Former attorney forms charity, produces a film in Africa
September 5, 2014
Donna Valverde Helps Educate Girls in Kenya and Uganda
(By Amber Elliott, September 5, 2014)
Donna Valverde met Magdalene Fofana in 2005 when Valverde’s father was diagnosed with congestive heart failure. As his full-time caretaker, Fofana worked 12-hour shifts to ensure that he “didn’t experience pain, even for a second,” says Valverde. “I asked Magdalene to make my dad feel loved, and she took to that. I felt so indebted to her for making the (dying) process dignified for him.”
During that time, Valverde learned that Fofana had fled her native country of Sierra Leone with her husband and children because she had been “cut” – a form of female genital mutilation, or FGM – and didn’t want her daughters to face the same fate. Troubled, Valverde decided to take action.
“The cutting ritual is different in each culture, and it’s ethnic, not religious,” explains Valverde, 57. “The act itself isn’t barbaric, but if a girl isn’t cut she’s considered unsuitable for marriage and ostracized. A circumciser will come to the community, and there’s a lot of talk about who the girls will marry; afterward, they’re often traded for livestock.”
In 2007 Valverde established a charity to shed light on FGM and to support young African girls through education and mentoring programs. On Sept. 18, she will debut her film “Healing Magdalene” in Houston to spread further awareness about the issue.
This wasn’t always Valverde’s path in life. Born in Pasadena, she moved often throughout her childhood, living in various places from Saudi Arabia to Tennessee. She returned to Texas for college, attending Southwest Texas State University (now Texas State) in San Marcos, followed in the early ’80s by South Texas College of Law in Houston, where she met her husband (they have since divorced).
“That was a tough time for a woman to be in law school,” says Valverde. “There weren’t many females, and nearly every judge was a man. That experience has significantly impacted my whole life.”
Valverde practiced law until 14 years ago. She quit when her daughter turned 5. “I looked in the phone book one day and realized that there are so many attorneys in Houston, but my little girl only has one mother,” she says.
Several years later, Valverde met Magdalene and started the Valvisions Foundation. The charitable endeavor has three key initiatives: the Helen F. Valverde Girls Scholarship Program, the Girls’ Choice Club and the MC Project.

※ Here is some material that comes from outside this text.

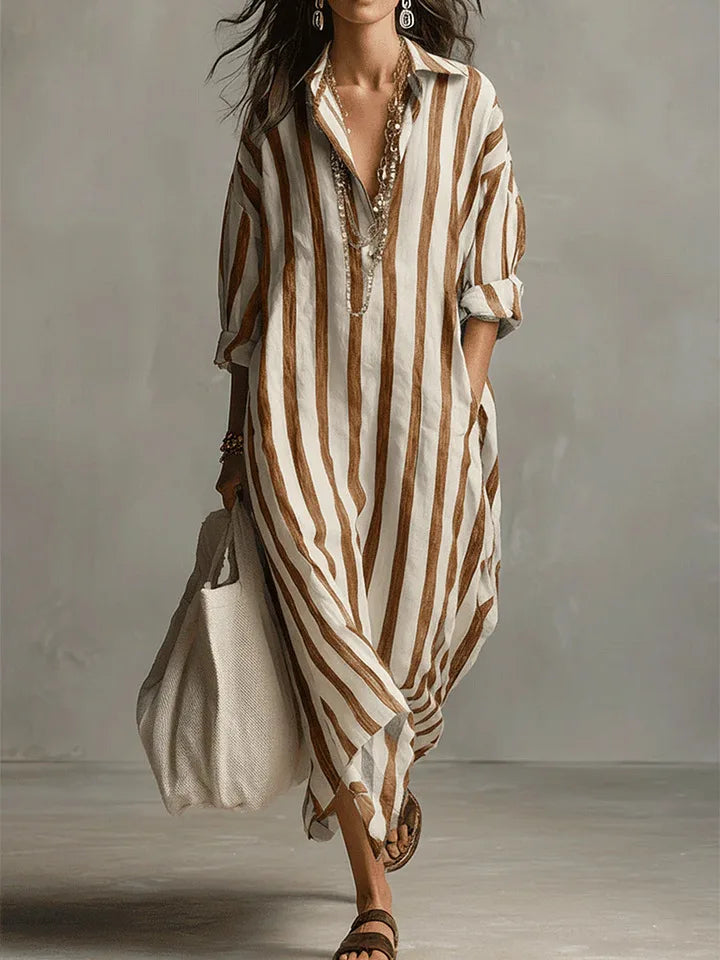Striped Collared Oversized Casual Linen Maxi Dress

The scholarship program is named after Valverde’s late mother. The woman Valverde had hired to tend to her mom once she was diagnosed with Alzheimer’s, Lillane Barenzi, is from Uganda and currently works as Valvisions’ executive manager in Africa. There are 10 scholarship recipients in Uganda and 11 in Kenya; they all attend boarding school and are able to visit home approximately three times per year.
“We have a holiday house for the girls who don’t feel comfortable returning to their communities,” Valverde says. “We recently took a group to the mall where most of them were able to see an elevator for the very first time.”
The Girls’ Choice Club meets bi-monthly at high schools in Uganda’s Kampala area to examine the socio-psychological, emotional and spiritual issues that affect teenage girls. Occasionally, they’ll read and discuss books.
“We talk to girls about how beautiful it is to be female,” says Valverde. “That whole club is designed to create a ceremony for them to become young women, without being cut.”
During her inaugural trip to Africa in 2008, Valverde spent time in Cameroon for research, speaking with several missionaries and fellow nonprofits. She discovered that many of the young females are forced to discontinue their education once they begin menstruating because they’re unable to afford sanitary products. The MC Project distributes menstrual cups to students and women suffering from obstetric fistula, a medically related complication of FGM.
After that initial life-altering trip, Valverde began to raise funds for her foundation stateside and realized that although her donor base had heard about FGM, they didn’t know the whole story. To spread awareness, she decided to make a film.
In 2008 Valverde and her seven-person film crew set off for western Africa. As the FGM conditions are much worse on the continent’s eastern side, she and a team of four traveled to Kenya and Uganda in 2012 to shoot more footage.
The final product, a 94-minute film titled “Healing Magdalene,” already has received awards from Indie Fest, the White Sands International Film Festival, the Sunset Film Festival Los Angeles and the Hoboken Film Festival.
On Sept. 18, “Healing Magdalene” premieres in Houston at the River Oaks Theatre.
“Houston is home for me and where the story started,” Valverde says.
She currently is working on a second film project chronicling the day-to-day effects of Alzheimer’s.